▸ Activity
Word for word, restate the lines of the data below between those holding "Metal porch swing" and "Open concept living", inclusive; pictures do not belong in the copy.

▸ Records for this task
*** Begin section ***

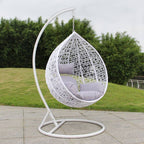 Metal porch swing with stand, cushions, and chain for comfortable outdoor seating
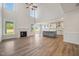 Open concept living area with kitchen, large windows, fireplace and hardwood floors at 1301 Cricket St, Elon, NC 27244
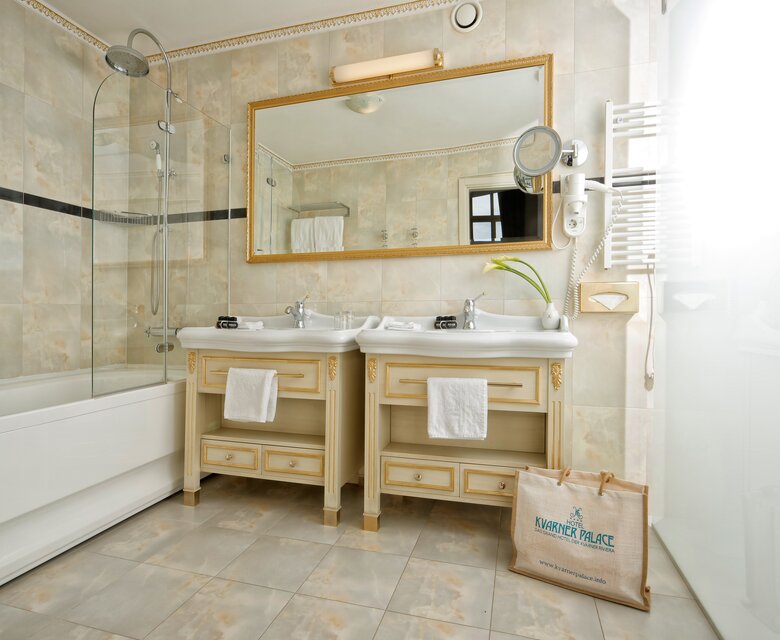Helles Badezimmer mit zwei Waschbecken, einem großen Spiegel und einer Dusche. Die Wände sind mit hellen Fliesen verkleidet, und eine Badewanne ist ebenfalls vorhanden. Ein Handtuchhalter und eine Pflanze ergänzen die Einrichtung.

*** End section ***
*** Begin section ***

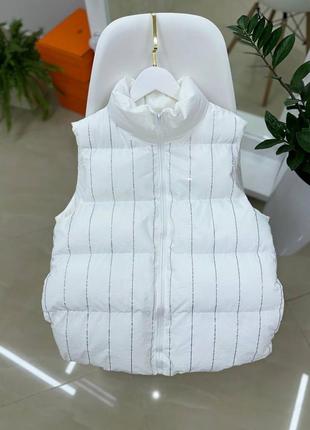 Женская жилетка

*** End section ***

▸ Result of the task
 Metal porch swing with stand, cushions, and chain for comfortable outdoor seating
 Open concept living area with kitchen, large windows, fireplace and hardwood floors at 1301 Cricket St, Elon, NC 27244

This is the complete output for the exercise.